/---

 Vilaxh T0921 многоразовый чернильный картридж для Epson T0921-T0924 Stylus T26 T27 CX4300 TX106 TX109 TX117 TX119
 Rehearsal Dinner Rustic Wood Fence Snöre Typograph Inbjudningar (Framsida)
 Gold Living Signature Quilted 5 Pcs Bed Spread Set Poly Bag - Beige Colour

\---
/---

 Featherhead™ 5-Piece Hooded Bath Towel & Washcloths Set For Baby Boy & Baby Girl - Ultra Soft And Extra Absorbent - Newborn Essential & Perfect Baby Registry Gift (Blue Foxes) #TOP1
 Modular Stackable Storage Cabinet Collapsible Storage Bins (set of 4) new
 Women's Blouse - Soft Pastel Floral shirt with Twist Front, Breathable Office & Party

\---
/---

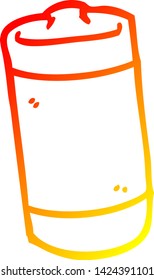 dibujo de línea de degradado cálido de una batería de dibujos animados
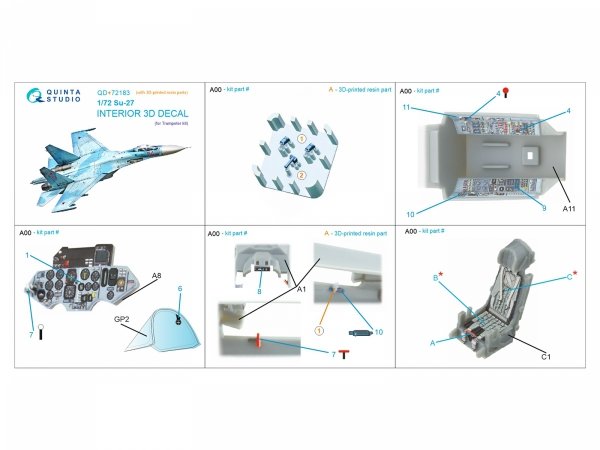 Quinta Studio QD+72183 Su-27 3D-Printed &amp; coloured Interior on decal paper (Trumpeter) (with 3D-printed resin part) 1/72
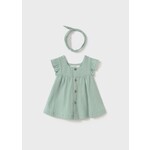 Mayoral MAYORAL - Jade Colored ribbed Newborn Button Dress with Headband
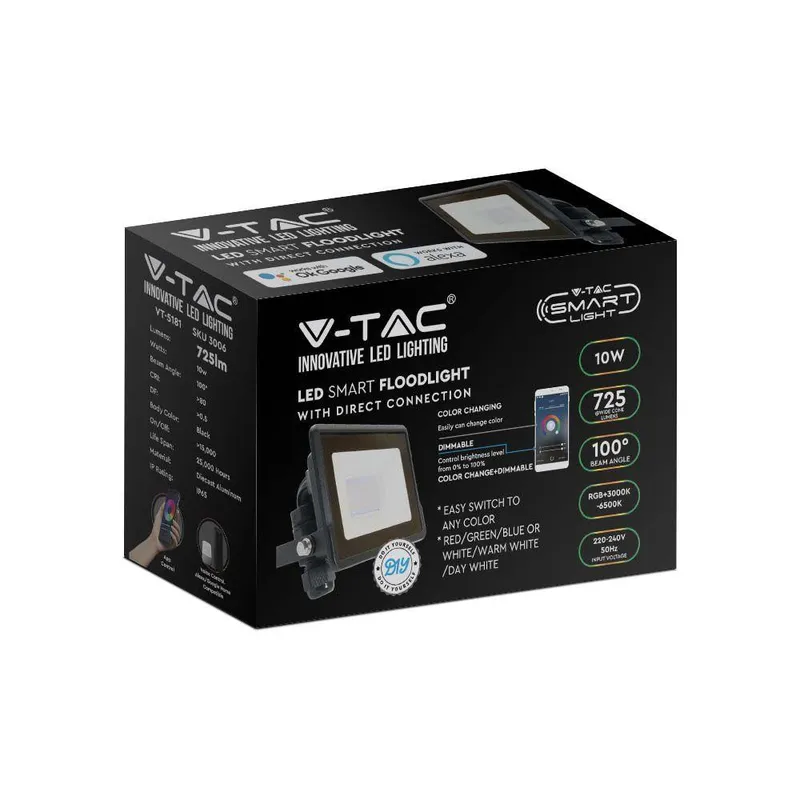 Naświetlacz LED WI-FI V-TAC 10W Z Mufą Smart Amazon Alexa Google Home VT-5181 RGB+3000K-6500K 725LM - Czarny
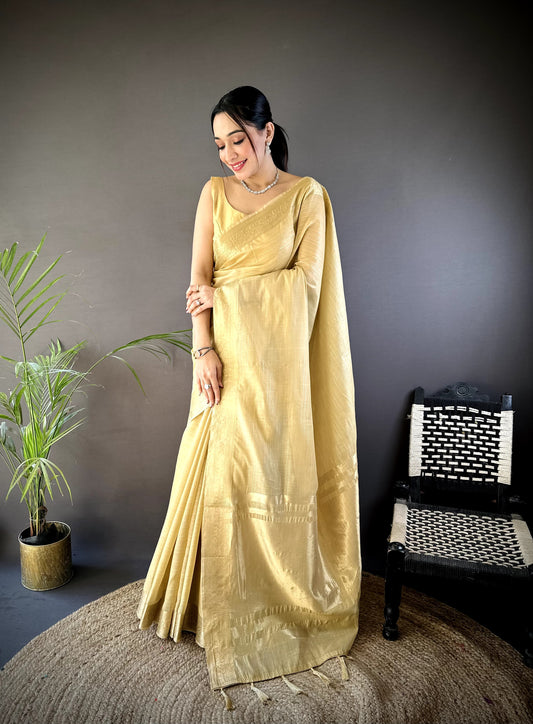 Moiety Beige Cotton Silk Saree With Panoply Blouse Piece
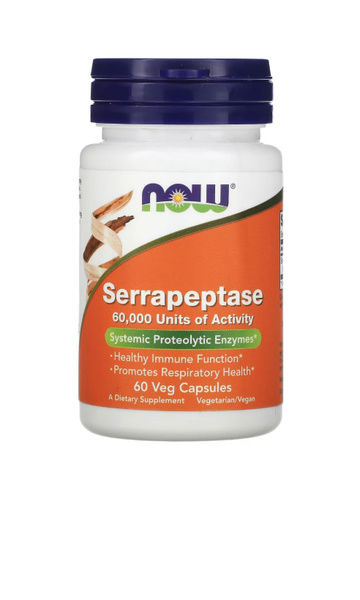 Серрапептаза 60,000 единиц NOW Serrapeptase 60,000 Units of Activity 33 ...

\---

=== About this exercise ===
All that is needed is the exact run of lines above from the line containing "Vilaxh T0921 многоразовый" through the line containing "Gold Living Signature", both of them included.

=== Written answer ===
 Vilaxh T0921 многоразовый чернильный картридж для Epson T0921-T0924 Stylus T26 T27 CX4300 TX106 TX109 TX117 TX119
 Rehearsal Dinner Rustic Wood Fence Snöre Typograph Inbjudningar (Framsida)
 Gold Living Signature Quilted 5 Pcs Bed Spread Set Poly Bag - Beige Colour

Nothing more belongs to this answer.